## Classification of text articles

Links
* [Reuters newswire dataset](https://keras.io/datasets/)
* [Reuters text classification](https://www.bonaccorso.eu/2016/08/02/reuters-21578-text-classification-with-gensim-and-keras/)
* [Keras Reuters MLP example](https://github.com/keras-team/keras/blob/master/examples/reuters_mlp.py)

In [147]:
from keras.datasets import reuters
import numpy as np
from keras.preprocessing.text import Tokenizer
import keras
from keras.models import Sequential
from keras.layers import Dense
from keras.layers import Activation
from keras.layers import Dropout

from keras import backend as K

The Reuters dataset is made up of 11,228 newswires from Reuters, labeled over 46 topics. The word index used to encode the sequences is stored in the reuters_word_index.json file.

In [148]:
word_index = reuters.get_word_index(path="reuters_word_index.json")
print('There are', len(word_index), 'words used to encode.')

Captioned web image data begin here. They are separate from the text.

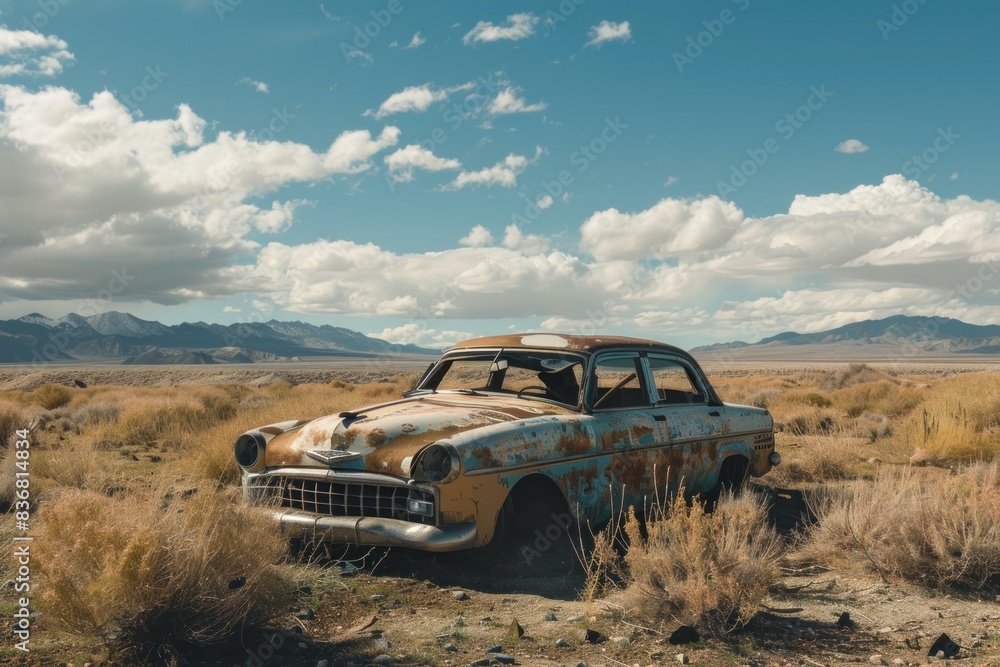 Rusty old car deserted among golden desert grasses with mountains and clouds in the background Rusty old car deserted among golden desert grasses with mountains and clouds in the background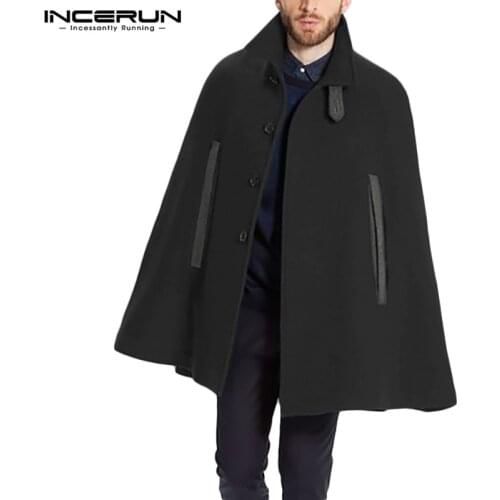 Fashion Men Cloak Coats Patchwork Punk Style 2021 Streetwear Single Breasted Chic Men Poncho Trench Windbreaker INCERUN S-5XL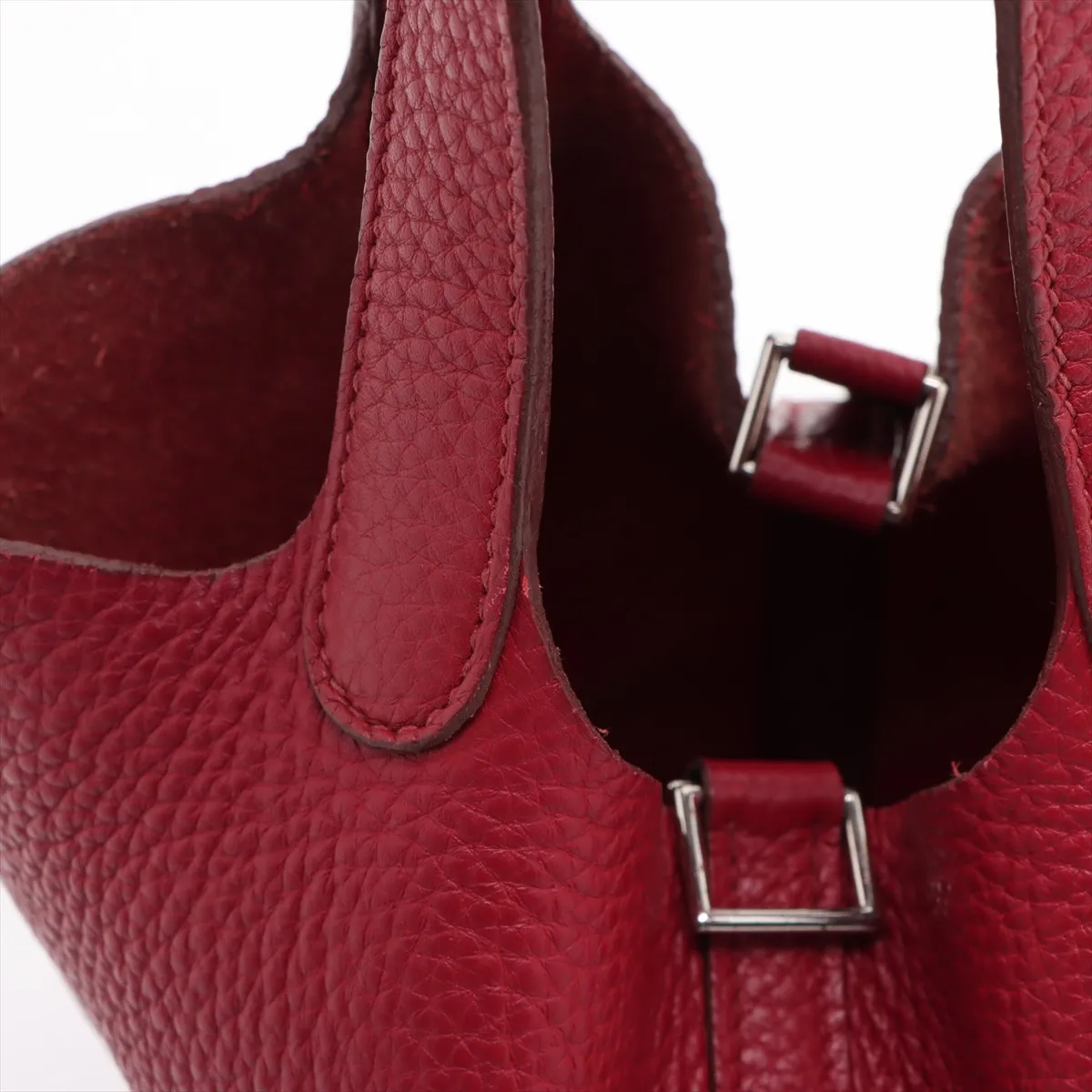 Picotin Lock 18 PM Taurillon Clemence Rouge Garance Silver hardware O:2011 — view 11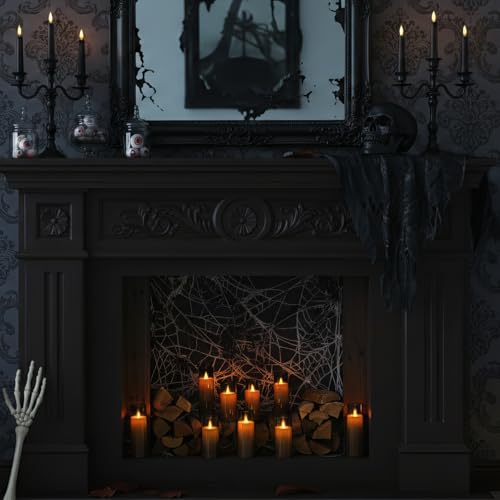 Homemory Decorative Flameless Candles, Battery Operated Candles with Remote & Timer, Flickering Led Pillar Candles, Plexiglass, Grey, Pack of 9, D2.2 xH 5" 6" 7" - color: Gray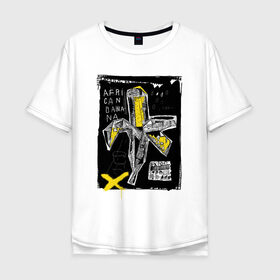 Мужская футболка хлопок Oversize с принтом African banana в Екатеринбурге, 100% хлопок | свободный крой, круглый ворот, “спинка” длиннее передней части | 2020 | абстракция | граффити | стиль | тренд | уличный стиль | урбан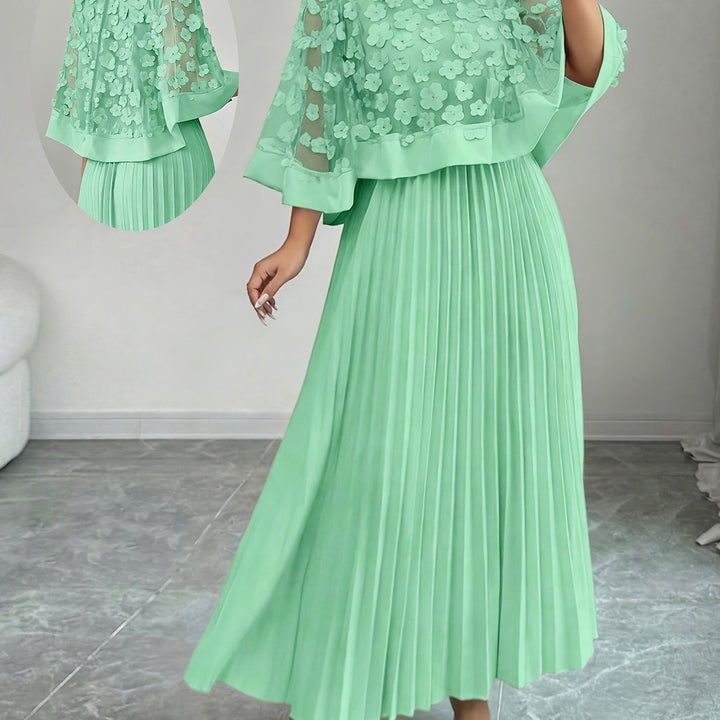 Elegant Floral Pleated Maxi Dress for Women with Round Neck Cape Sleeve Appliqué Flowing Formal Wedding Guest Style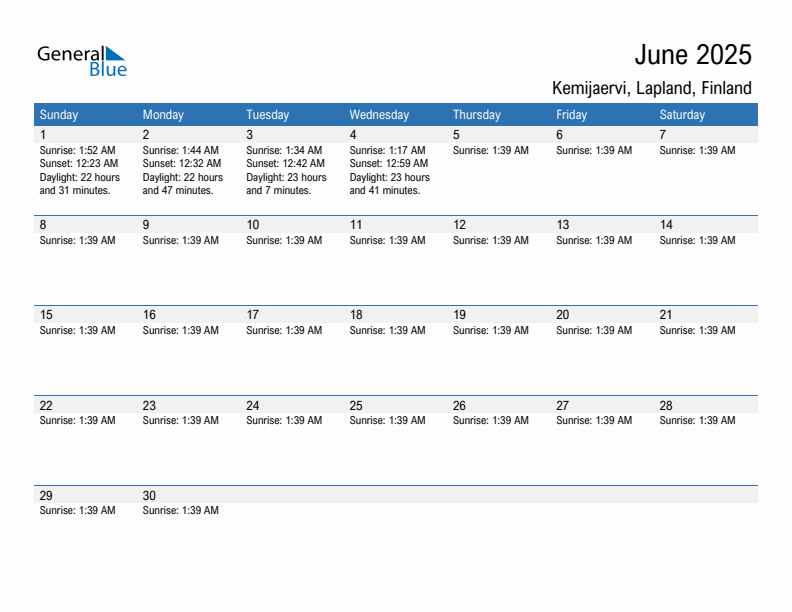 Kemijaervi June 2025 sunrise and sunset calendar in PDF, Excel, and Word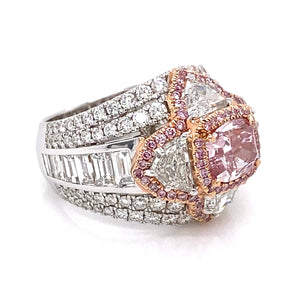 Purplish Pink Diamond Ring Cushion Cut 5 Carat Halo Ring in 18K White Gold Side View
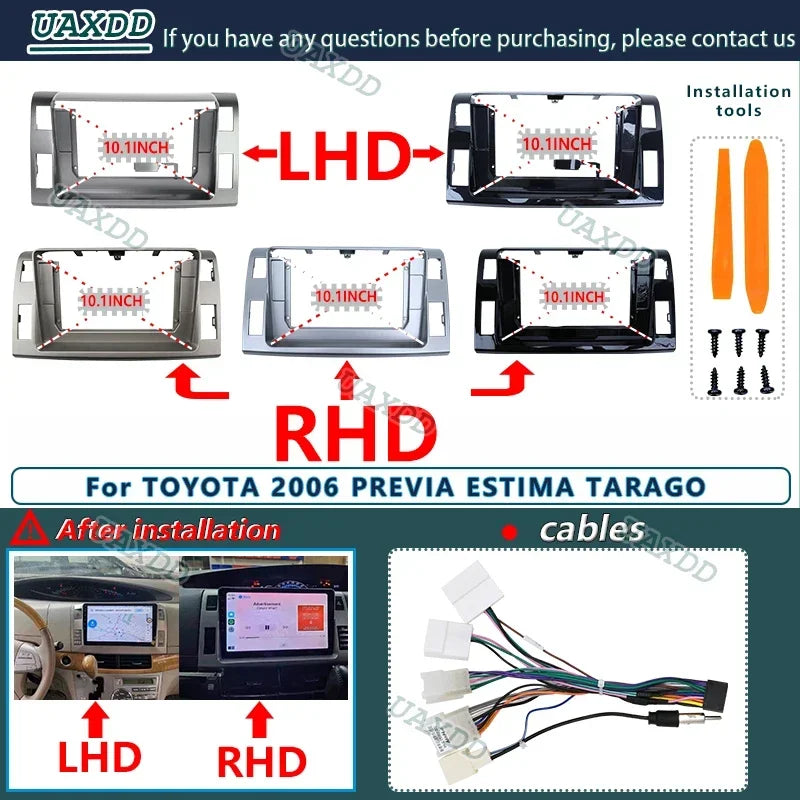 For TOYOTA 2006 PREVIA ESTIMA TARAGO 10INCH Car Radio Android Stereo Harness Screens Acces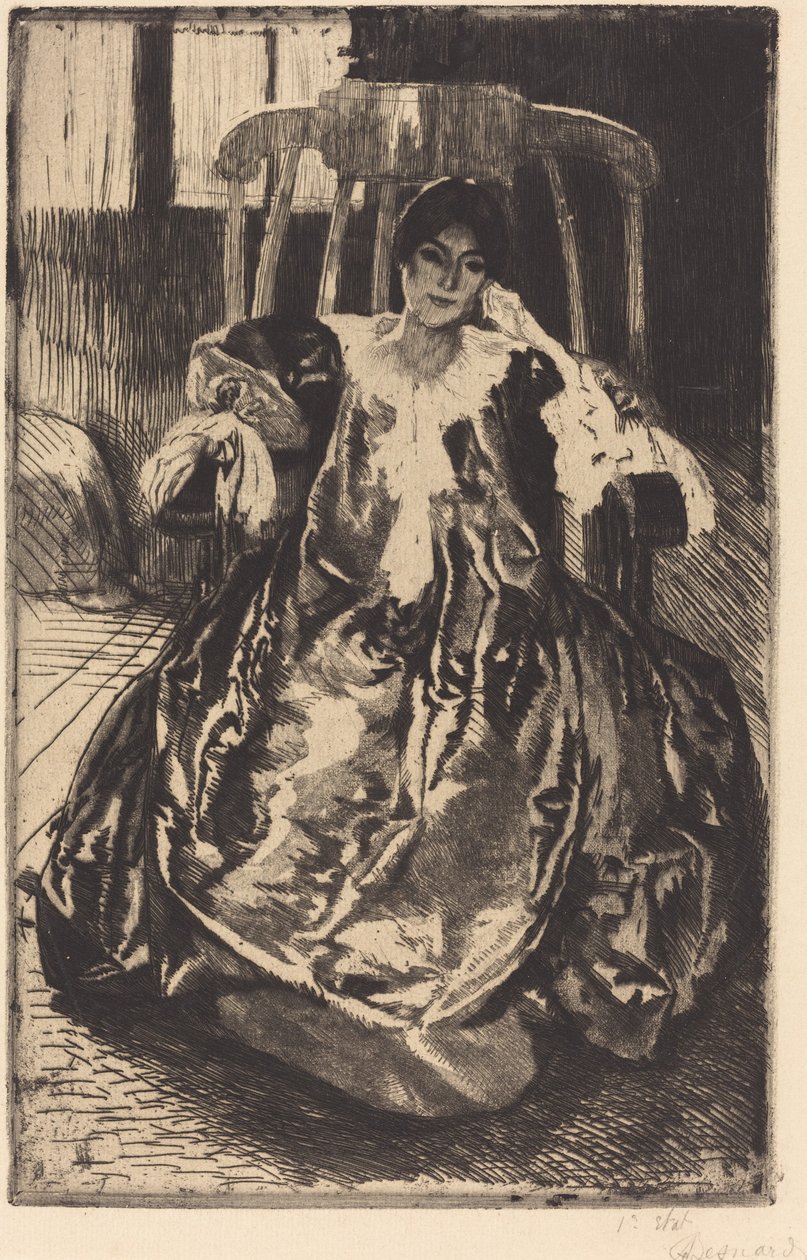 De zijden jurk La robe de soie, 1887 door Paul Albert Besnard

There are 30979 words used to encode.


In [149]:
max_words = 1000
batch_size = 32
epochs = 5 

In [150]:
print('Loading Reuters data...')
(x_train, y_train), (x_test, y_test) = reuters.load_data(
    num_words=max_words, test_split=0.2)
print(len(x_train), 'train sequences')
print(len(x_test), 'test sequences')

num_classes = np.max(y_train) + 1
print(num_classes, 'classes')

Loading Reuters data...
8982 train sequences
2246 test sequences
46 classes


In [151]:
print('Vectorizing sequence data...')
tokenizer = Tokenizer(num_words=max_words)
x_train = tokenizer.sequences_to_matrix(x_train, mode='binary')
x_test = tokenizer.sequences_to_matrix(x_test, mode='binary')
print('x_train shape:', x_train.shape)
print('x_test shape:', x_test.shape)

Vectorizing sequence data...
x_train shape: (8982, 1000)
x_test shape: (2246, 1000)


In [152]:
print('Convert class vector to binary class matrix '
      '(for use with categorical_crossentropy)')
y_train = keras.utils.to_categorical(y_train, num_classes)
y_test = keras.utils.to_categorical(y_test, num_classes)
print('y_train shape:', y_train.shape)
print('y_test shape:', y_test.shape)

Convert class vector to binary class matrix (for use with categorical_crossentropy)
y_train shape: (8982, 46)
y_test shape: (2246, 46)


In [153]:
print('Building model...')
K.clear_session()
model = Sequential()
model.add(Dense(512, input_shape=(max_words,)))
model.add(Activation('relu'))
model.add(Dropout(0.5))
model.add(Dense(num_classes))
model.add(Activation('softmax'))

model.compile(loss='categorical_crossentropy',
              optimizer='adam',
              metrics=['accuracy'])

model.summary()

Building model...
_________________________________________________________________
Layer (type)                 Output Shape              Param #   
dense_1 (Dense)              (None, 512)               512512    
_________________________________________________________________
activation_1 (Activation)    (None, 512)               0         
_________________________________________________________________
dropout_1 (Dropout)          (None, 512)               0         
_________________________________________________________________
dense_2 (Dense)              (None, 46)                23598     
_________________________________________________________________
activation_2 (Activation)    (None, 46)                0         
Total params: 536,110
Trainable params: 536,110
Non-trainable params: 0
_________________________________________________________________


In [154]:
history = model.fit(x_train, y_train,
                    batch_size=batch_size,
                    epochs=epochs,
                    verbose=1,
                    validation_split=0.1)
score = model.evaluate(x_test, y_test,
                       batch_size=batch_size, verbose=1)
print('Test loss:', score[0])
print('Test accuracy:', score[1])

Train on 8083 samples, validate on 899 samples
Epoch 1/5
Epoch 2/5
Epoch 3/5
Epoch 4/5
Epoch 5/5
Test loss: 0.89095894248
Test accuracy: 0.791629563669